Lisa Nandy’s suggestion that the call for an end to the sell off of council homes is generated solely by “a lot of people on the left” is completely wrong. A wide range of organisations and individuals are seriously concerned about the policy which has fuelled a chronic housing crisis that successive governments, over the past 40 years, have failed to address. There is currently very broad consensus that this, policy which delivers a benefit to a few, but is severely detrimental to the chances of so many more, is a flawed policy. Included in this consensus group are;
- the Supreme policy making body of the Labour Party, which has consistently supported an end to the policy;
- key figures within the Party such as Andy Burnham, Sadiq Khan and many other MPs and council leaders;
- the leading homelessness charity Shelter;
- the National Housing Federation and
- leading academics.
This is hardly a group that you could largely characterise as, “people on the left.”

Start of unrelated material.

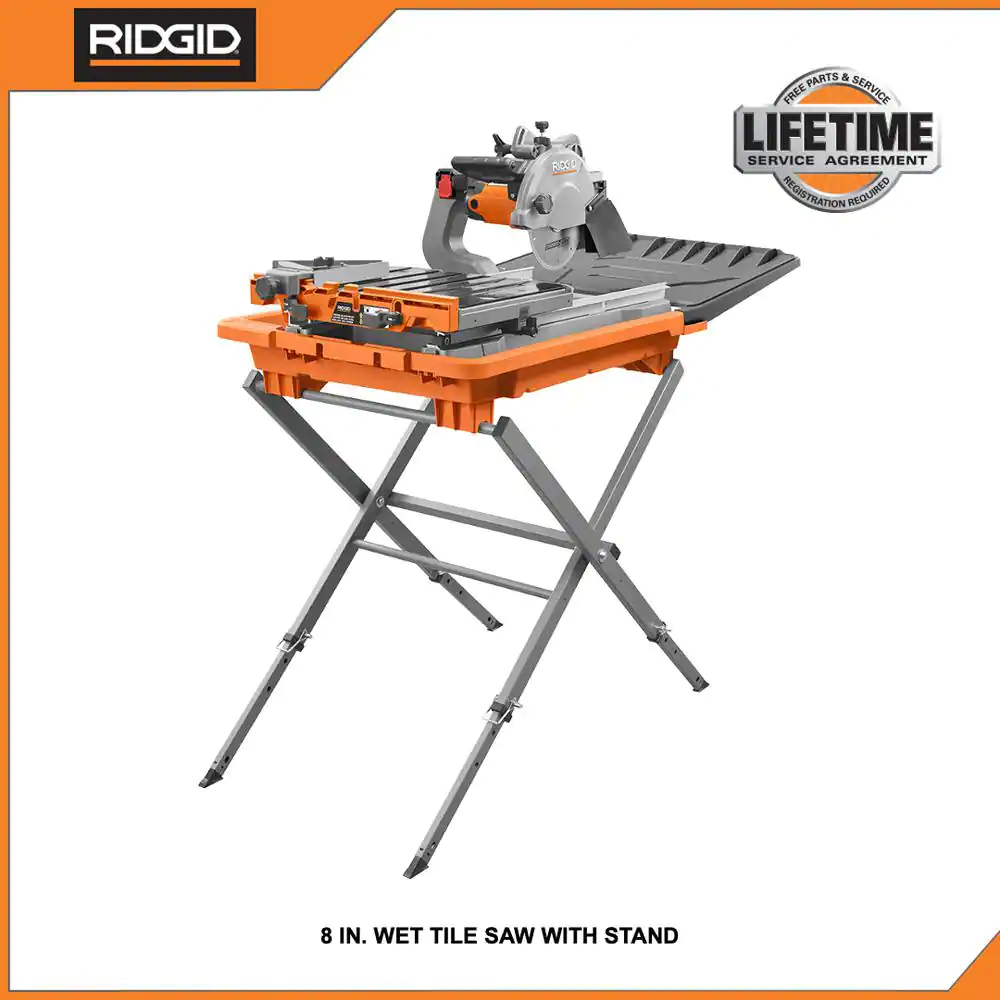 RIDGID 12 Amp 8 in. Blade Corded Wet Tile Saw with Extended Rip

Lisa Nandy’s insinuation that opposition to the right-to-buy equates to opposition to working-class people owning their own home is disgraceful and divisive. Many of those who oppose the policy are working-class people who appreciate the benefit that a stable, secure and affordable council home provides and are worried about the many people in their families and communities who no longer have access to that benefit. They see that many people for whom home ownership is not an option have no alternative but to struggle to find appropriate housing in the private-rented sector. This offers no security, is increasingly unaffordable and often of poor standard. They are worried when they see so many people who have failed in that struggle, forced into overcrowded housing or with no home other than a shop doorway, a car or tent. They, like so many people, are concerned about the impact on the well-being and life chances of those that are affected most severely by the housing crisis.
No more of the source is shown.